Inside the Federal Government's 'Star Chamber' What Price Freedom?
What Price Freedom?
Jun 22, 2004
Each and every weekday, 11 federal judges meet in secret in Washington and review FBI and Department of Homeland Security requests for warrants to spy on Americans. And, on average, the court approves seven warrants a day, according to records obtained under the Freedom of Information Act.
But while the numbers of warrants issued are obtainable (only after a long, bureaucratic battle with the Department of Justice), very little else is known about the Foreign Intelligence Surveillance Court, which meets in secure chambers at the Department of Justice Headquarters.
Some privacy groups refer to the court as a “Star Chamber,” a secret coven of judges who hold the future of Americans in their judicial hands. Although the court was created by the Foreign Intelligence Surveillance Act of 1978, it has become recent tool of the Bush Administration to wiretap, follow, investigate and harass Americans under the guise of the war against terrorism.
And the law allows the court to conduct its business in secret, with no oversight from any federal agency or legislative body, including the U.S. Congress.
“This secrecy is unnecessary and allows problems in applying the law to fester,” three U.S. Senators – one Democrat and two Republicans – told the chairman of the Senate Intelligence Committee in a letter last year.
The three – Sen. Patrick Leahy of Vermont, Arlen Specter of Pennsylvania and Charles Grassley of Iowa – say their own investigations have found widespread inaccuracies in warrant applications, breaking of the law by top government attorneys and outright sloppiness in executing the warrants.
“Without oversight and public scrutiny, there is no compelling reason for the court or the Department of Justice to follow the rule of law,” the letter said.
Errors in warrant applications have quadrupled since 2000, the senators found, and one FBI agent made so many repeated mistakes he was barred from ever appearing before the justices again.

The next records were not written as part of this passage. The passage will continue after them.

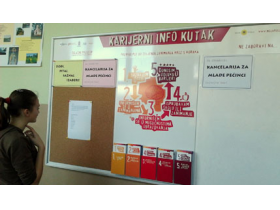 KiK - Karijerni info kutak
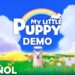 Dreamotion lanza la demo de My Little Puppy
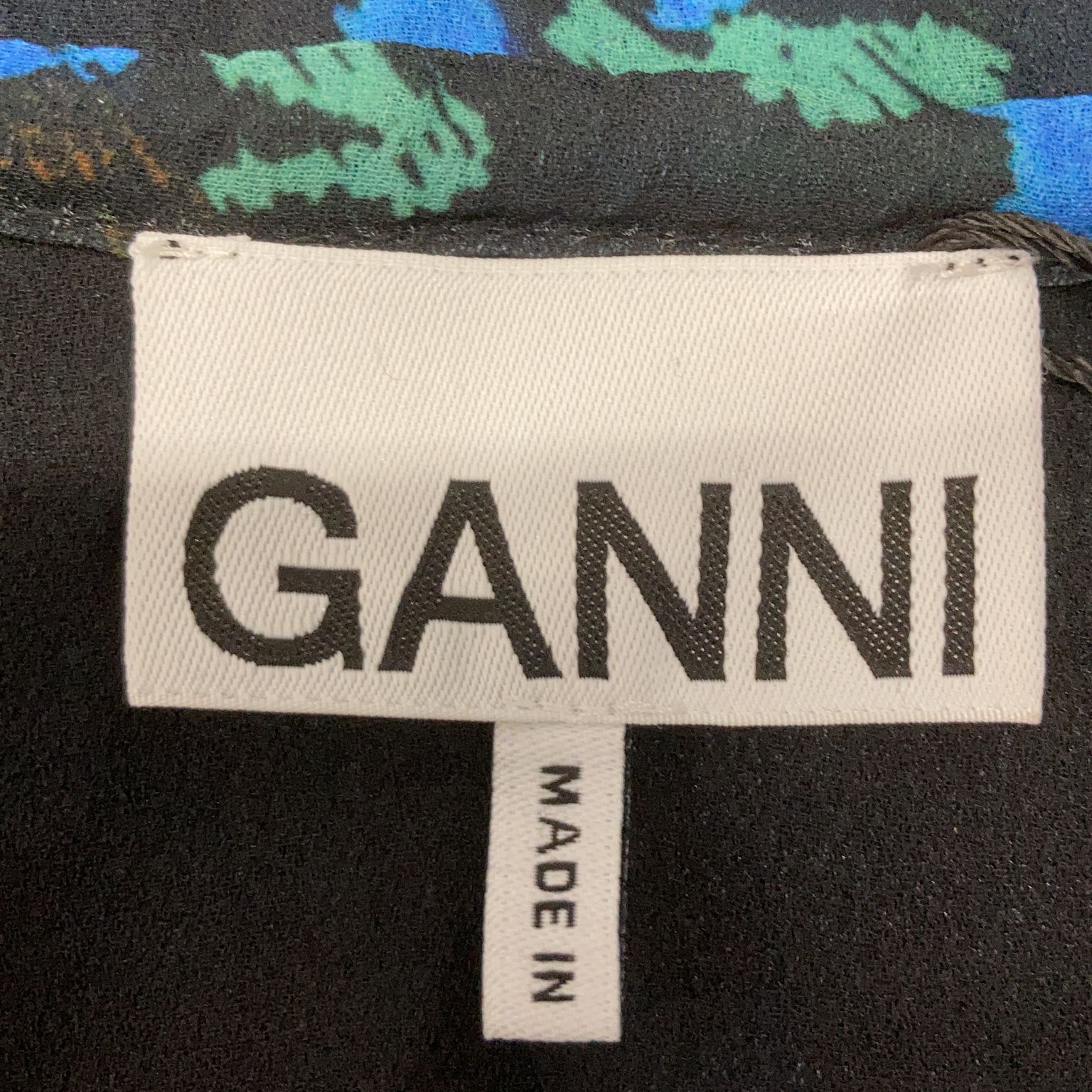 Ganni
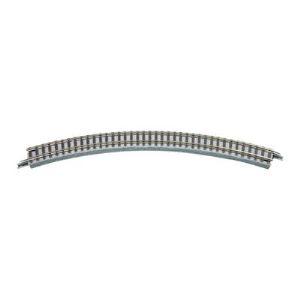Rokuhan 97002 - Rail courbé Z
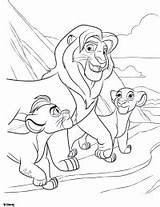 Lion Guard Bonus Activities Earlymoments Coloring Print sketch template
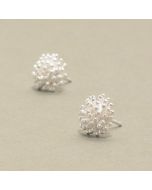 Hedgehog Ear Studs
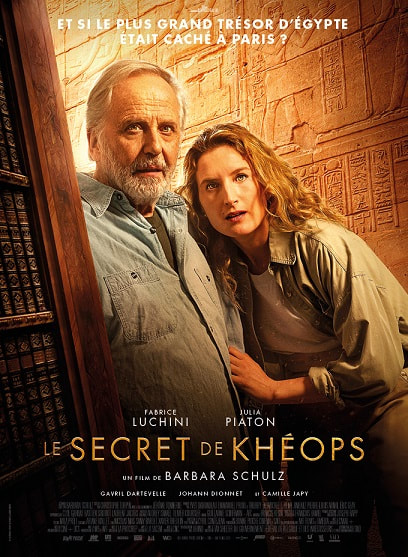 Ciné Les 2 scènes, prog du 5 au 11 janvier 2022
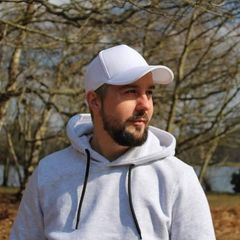 Profile Picture of Robert Feher (@robert_feher) on Tiktok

Yet even with the mistakes, applications for warrants are routinely rubber-stamped by the court. Records obtained through FOIA show that of 3,887 applications for warrants submitted to the court from 2001-2003, only four were rejected (all in 2003). Before those four rejections in 2003, no application before the court had been rejected among the 12,612 processed between 1979 and 2000.
Before the 2001 terrorist attacks, the court reviewed between 500 and 700 applications per year. Since the attacks, the applications have more than doubled, with a record 1,724 applications submitted in 2003.
Legislation pending in both houses of Congress would grant the Department of Justice and the secret court even more leeway in approving wiretaps and surveillance. The Bush Administration wants the law expanded without any oversight by Congress but an increasing number of Representatives and Senators say they want to know more about the court’s activities.
Last year, the American Bar Association also urged more Congressional oversight, saying it is impossible to determine if the court is following the law or abusing it.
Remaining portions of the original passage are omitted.